Daniel’s adventures, however, don’t end with a wagon train trip. My plans are to follow young Daniel as he grows up in Oregon in the late 1800s, maybe all the way to maturity. The purpose of the series is two-fold; first, to introduce younger readers to the western genre, a uniquely American literary form, and secondly, to show that the American West was populated by more than steely-eyed cowboys and lawmen, dastardly outlaws, and Native Americans fighting to retain their land and culture. There were families as well, including children, and I’ve often wondered what life was like for them. In this series, I’m using my imagination, backed up with a lot of research, to create that world for myself, and hopefully, for a lot of new readers.

In book 2 of the series, Wagons West: Trinity, the little town of Trinity has been established near the ranch owned by Daniel’s parents. it too is experiencing growing pains, as people of different backgrounds learn to live together. I also explore the issue of women’s rights in this story, something that I imagine actually might have happened in a few places considering that the first woman to vote in the US voted in Wyoming.
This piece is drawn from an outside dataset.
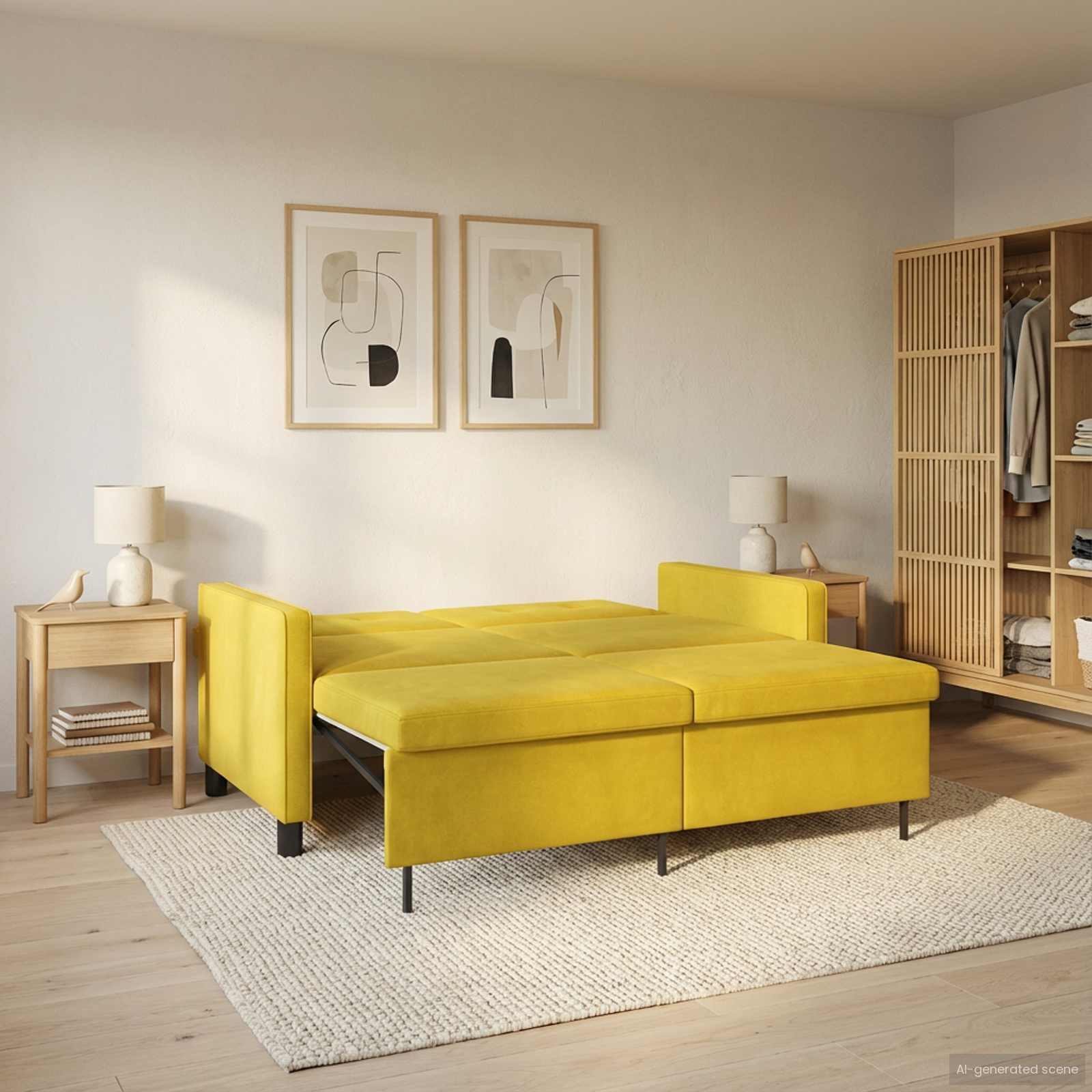 Sofá cama Amarillo Tela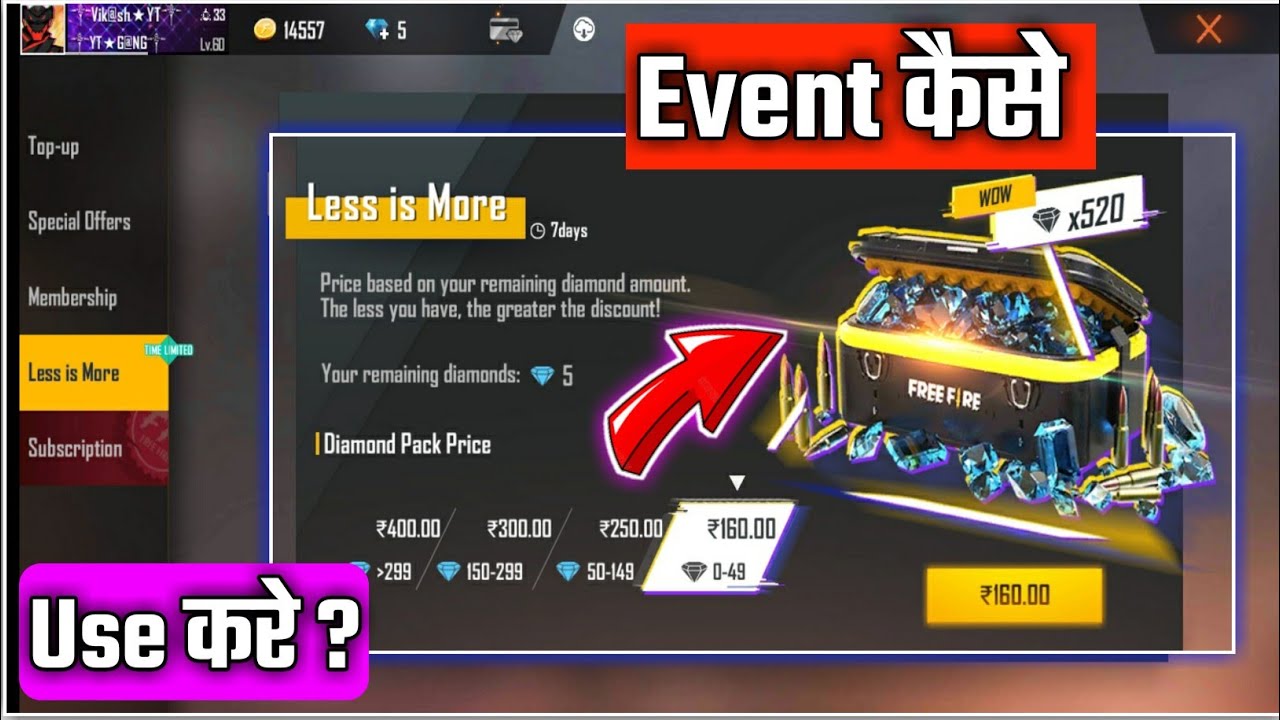LESS DIAMOND MORE DISCOUNT EVENT FREE FIRE || HOW TO CLAIM LESS 520 DIAMOND EVENT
If you have young readers in your household, or on your gift list, consider introducing them to the western. I’ve tried to ensure that these books contain no material that would be harmful to younger readers, but at the same time, make them interesting for adult readers as well.

I would love getting some feedback, on the books as well as the concept. And, if you happen to like what you read, a review on Amazon, Goodreads, or your blog would be most appreciated.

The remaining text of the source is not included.